Why this matters
More than a third of Americans live in an area without enough mental health providers. If finding care has felt impossible, the problem is usually the system — not you.
The shortage is real and uneven
Mental health professionals are concentrated in cities and higher-income areas. Rural and lower-income counties are often left with a handful of providers — sometimes none — serving tens of thousands of people. The result is long waits, long drives, and people quietly giving up on care.
CareGap exists to make that invisible gap visible, and to make sure everyone leaves with a concrete next step.
How the severity score is computed
The Shortage Severity Score is a 0–100 number where higher means a more severe shortage. It's based primarily on the provider-to-population ratio — how many people each mental health provider in the county must serve.

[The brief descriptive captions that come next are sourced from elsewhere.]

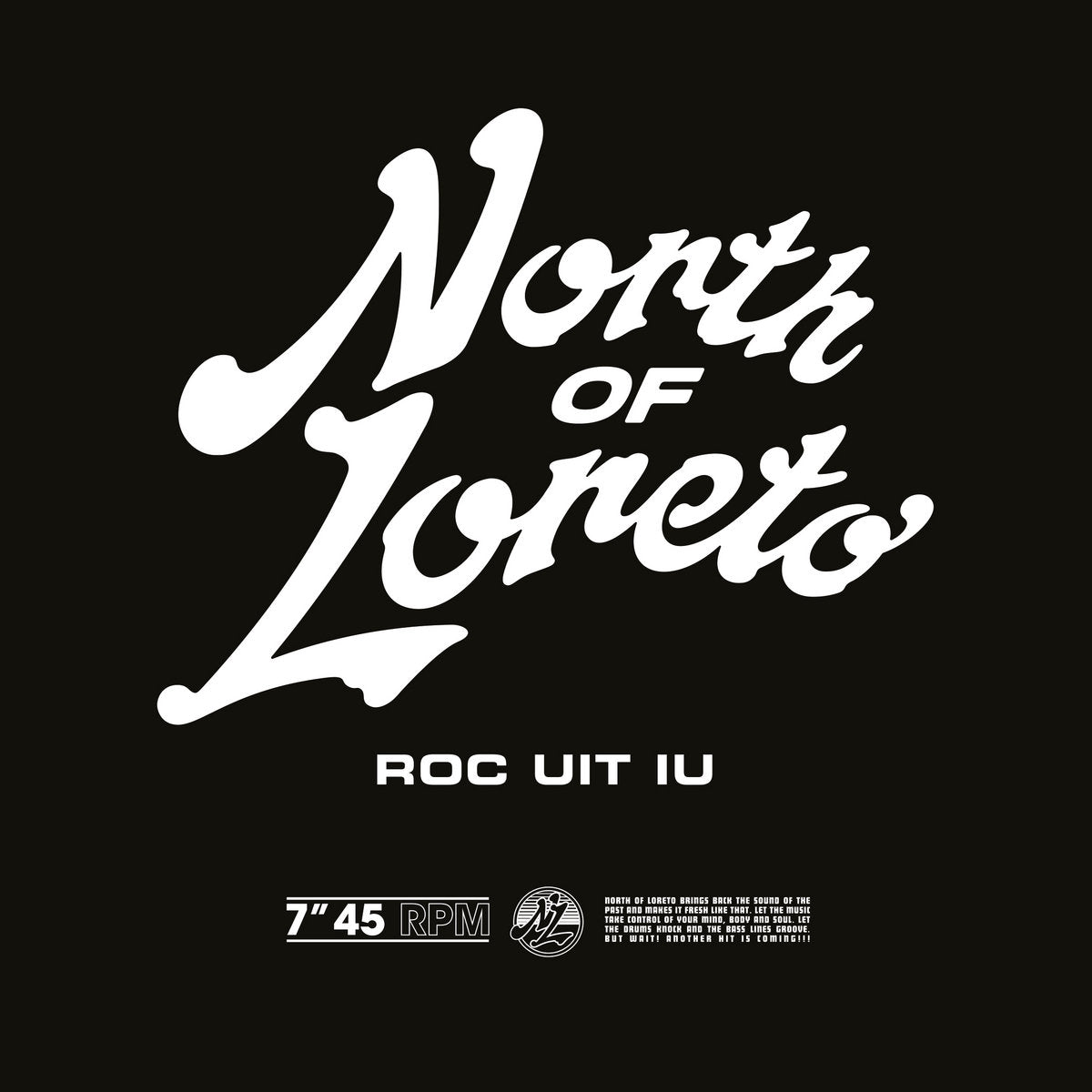 North of Loreto – Roc Uit Iu (7″)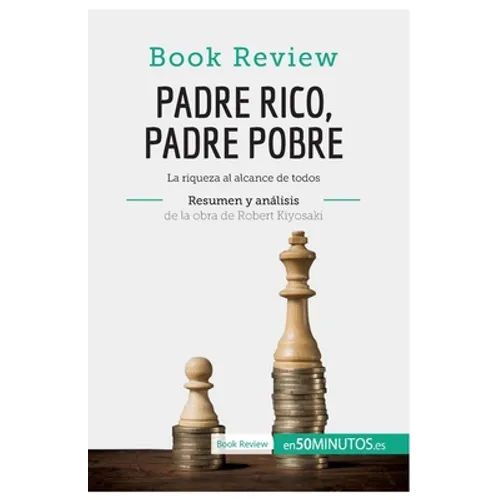 Padre Rico, Padre Pobre de Robert Kiyosaki (Análisis de la obra): La riqueza al alcance de todos - Paperback
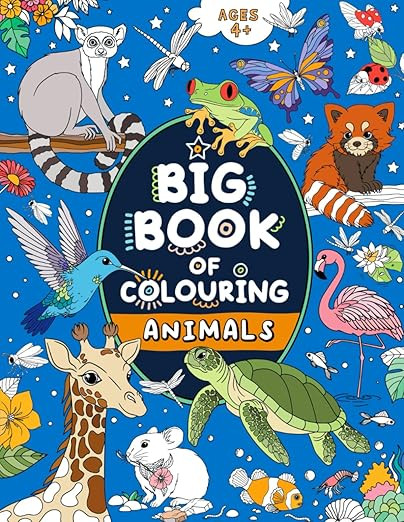 Big Book of Colouring: Animals: For Children Ages 4+ (Big Books of Colouring (Ages 4+)) | Amazon (US)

- We start from people-per-provider. The federal benchmark for a shortage is roughly 350 people per provider.
- Ratios near or below that benchmark map to lower scores (green, adequate access). Ratios many times higher map to higher scores (red, severe shortage).
- Counties with zero providers receive the maximum score of 100.
What the score does and doesn't say
The score describes availability, not quality. A green score doesn't guarantee a quick appointment, and a red score doesn't mean care is impossible — telehealth and national low-cost services are available everywhere, regardless of county.
Data sources
This early version uses a structured sample dataset of representative U.S. counties for demonstration. It's built so the data layer can be swapped for live public sources, including:
- HRSA Health Professional Shortage Areas (HPSA) — official federal shortage designations.
- U.S. Census population estimates — for per-provider ratios.
- Provider directories — for live, local listings.